Citing “constitutional crisis”, Uttarakhand Chief Minister Tirath Singh Rawat submitted his resignation to Governor Baby Rani Maurya.
Tirath Singh Rawat's resignation has led to questions on whether EC can hold bypolls in the time before Uttarakhand's next polls. Experts explain why there is no legal bar.
With the Uttarakhand Assembly term ending in less than a year, in March 2022, it has complicated the constitutional crisis in the state, leading to conjectures on whether the Election Commission (EC) can hold bypolls in such a situation.
According to experts and courts, the Election Commission is not mandated to hold the by-elections within six months in such situations but may still choose to do so. However, courts have in the past set aside such decisions by the poll body, citing the short term that this leaves incoming candidates with.
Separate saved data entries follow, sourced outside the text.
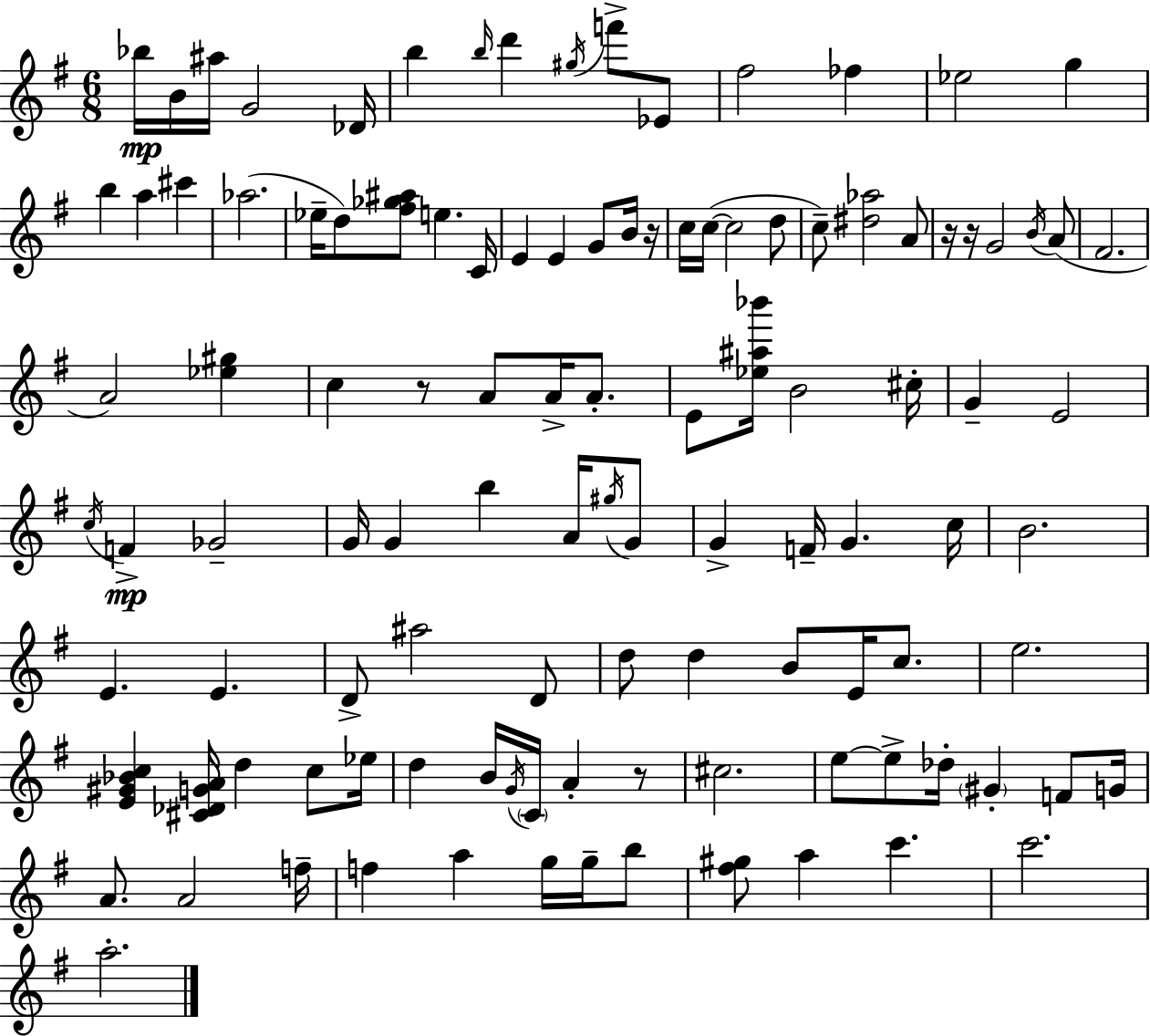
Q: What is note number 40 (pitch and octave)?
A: A4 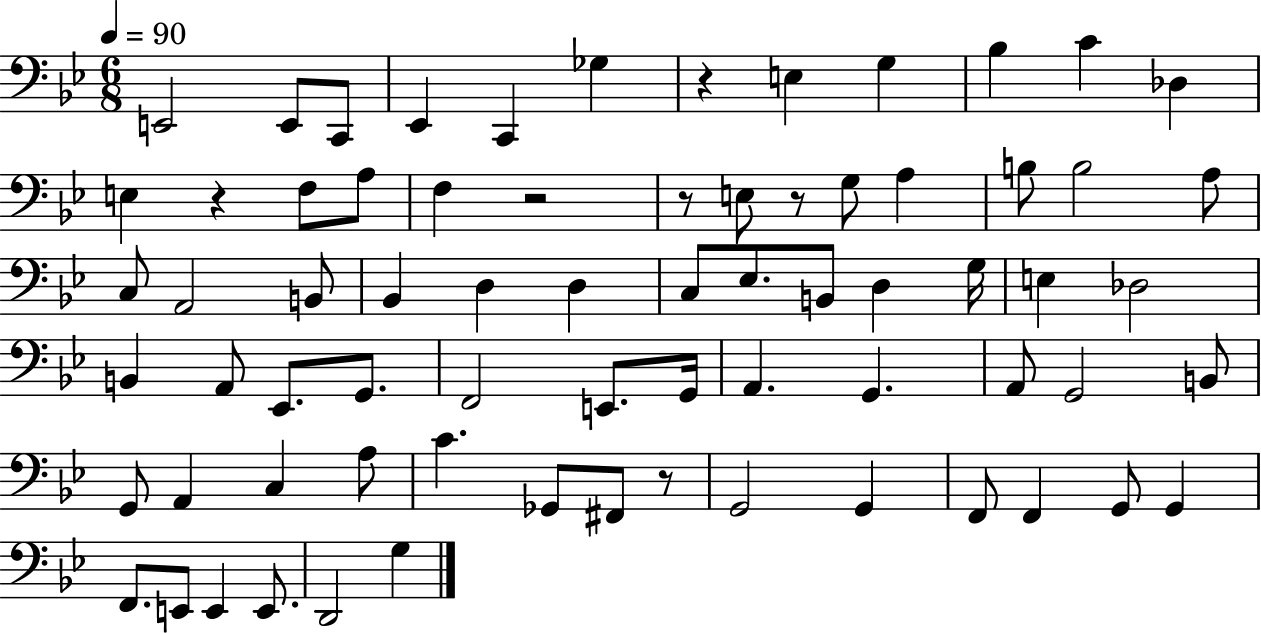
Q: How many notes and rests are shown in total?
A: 71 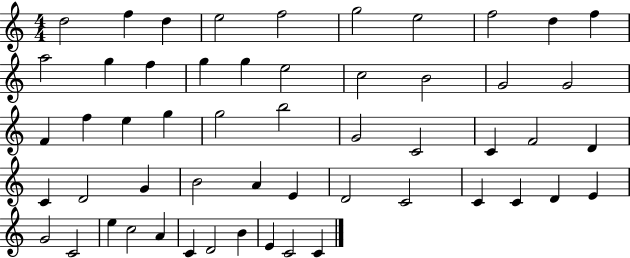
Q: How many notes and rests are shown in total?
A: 54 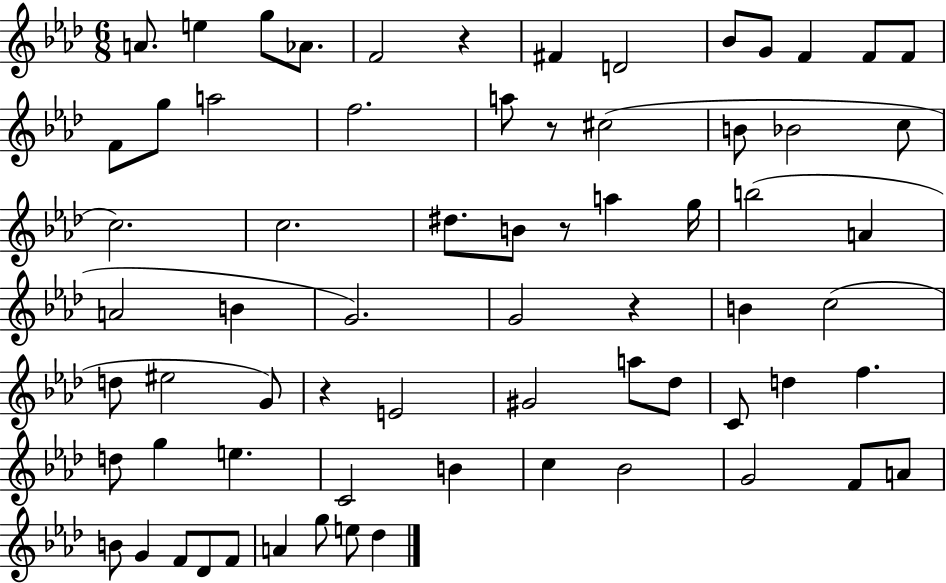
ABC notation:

X:1
T:Untitled
M:6/8
L:1/4
K:Ab
A/2 e g/2 _A/2 F2 z ^F D2 _B/2 G/2 F F/2 F/2 F/2 g/2 a2 f2 a/2 z/2 ^c2 B/2 _B2 c/2 c2 c2 ^d/2 B/2 z/2 a g/4 b2 A A2 B G2 G2 z B c2 d/2 ^e2 G/2 z E2 ^G2 a/2 _d/2 C/2 d f d/2 g e C2 B c _B2 G2 F/2 A/2 B/2 G F/2 _D/2 F/2 A g/2 e/2 _d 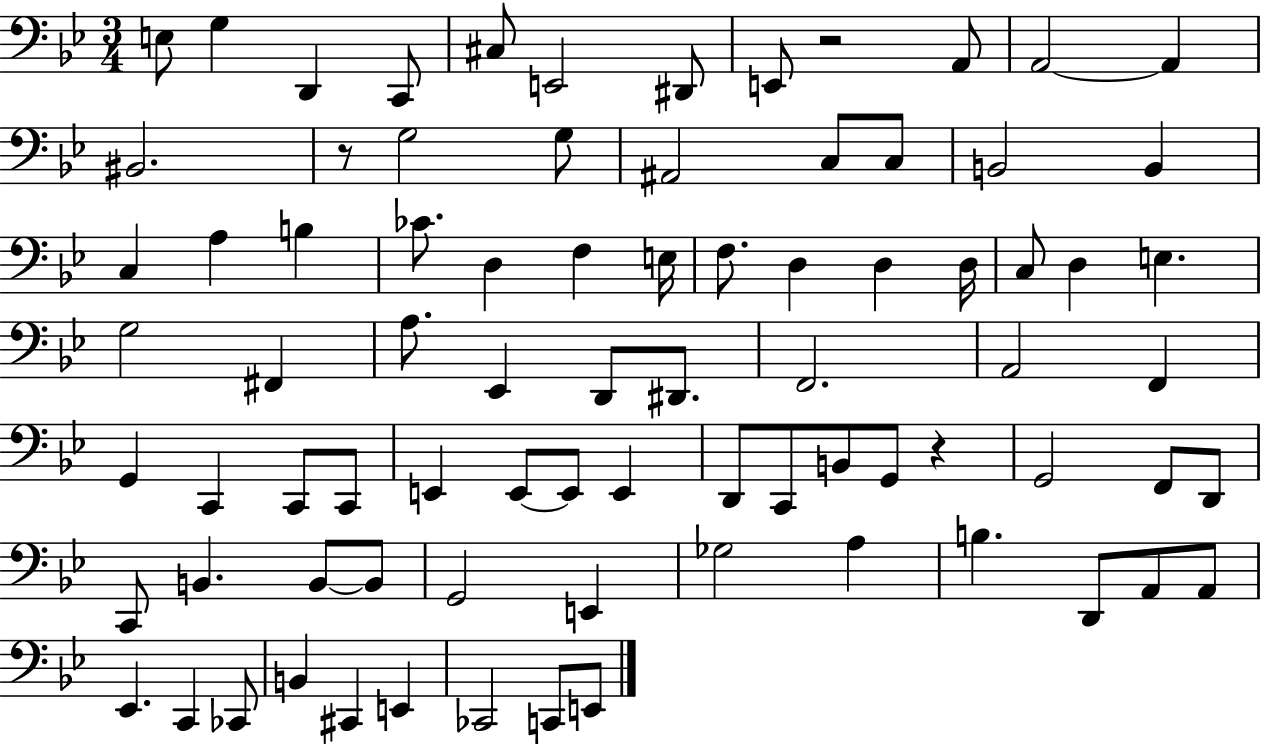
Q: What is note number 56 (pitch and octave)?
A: F2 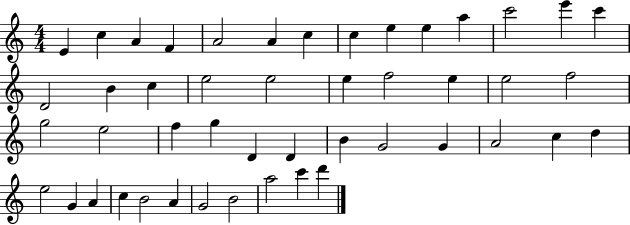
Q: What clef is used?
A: treble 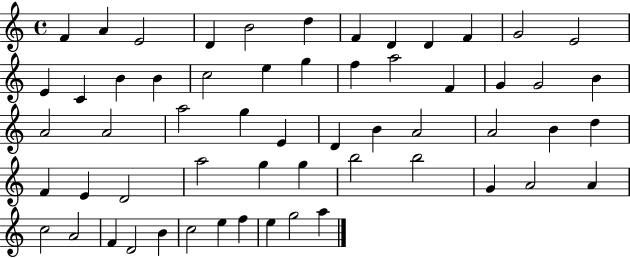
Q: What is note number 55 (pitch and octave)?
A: F5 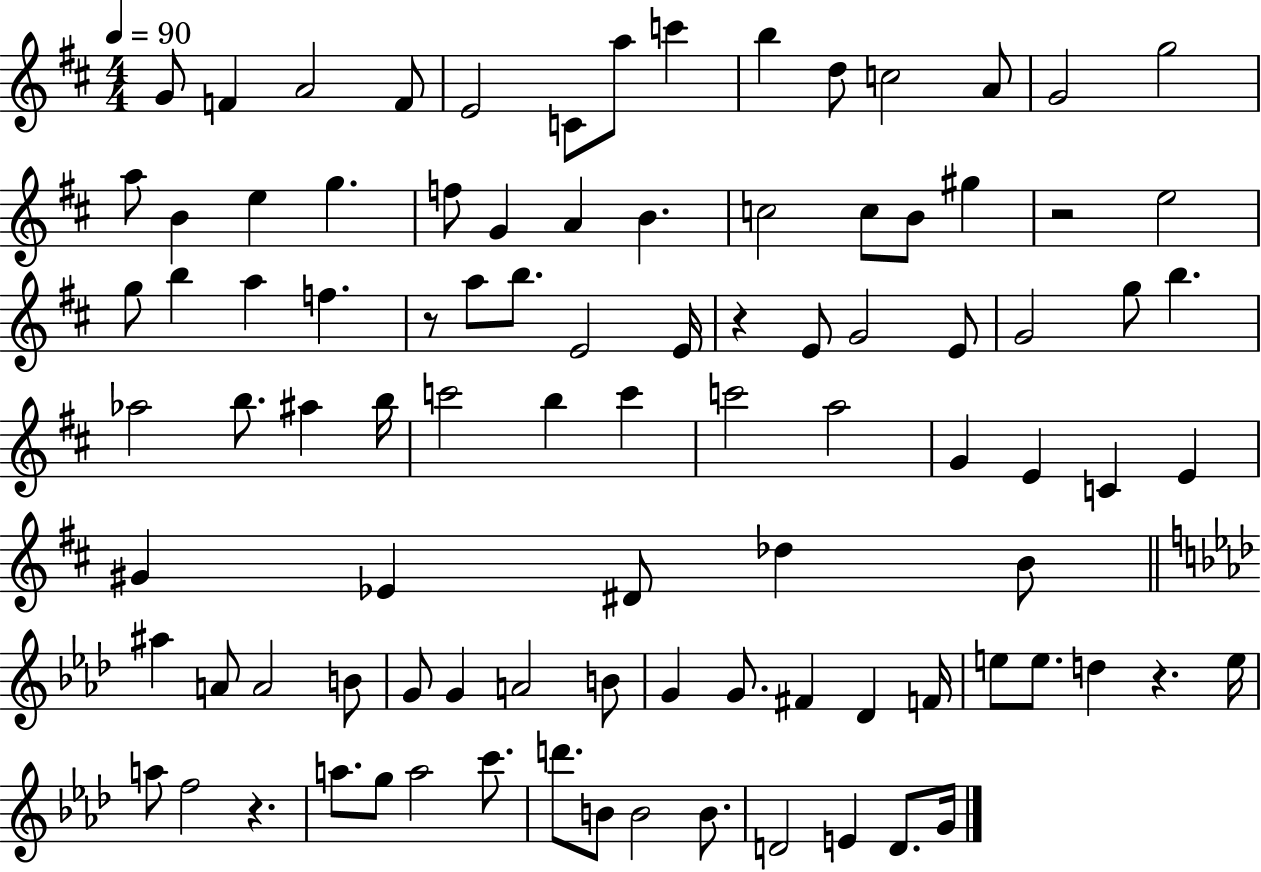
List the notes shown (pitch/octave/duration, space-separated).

Article 164(4) of the Constitution allows a non-legislator to occupy a post in the council of ministers, including the office of the chief minister, only for six months. If he doesn’t get elected within this period, the Constitution says he “ceases to be a minister”.
Section 151A of the Representation of the People Act 1951 reiterates this position, saying that a “a bye-election for filling any vacancy shall be held within a period of six months from the date of the occurrence of the vacancy”. However, the proviso to this section says that this mandate won’t apply “if the remainder of the term of a member in relation to a vacancy is less than one year”.
There are two vacant assembly seats in Uttarakhand — Gangotri and Haldwani. The Uttarakhand Assembly term ends in March 2022, leaving general elections in the state less than a year away. This makes the exception to Section 151A applicable to this situation, leaving it up to the EC to take a call.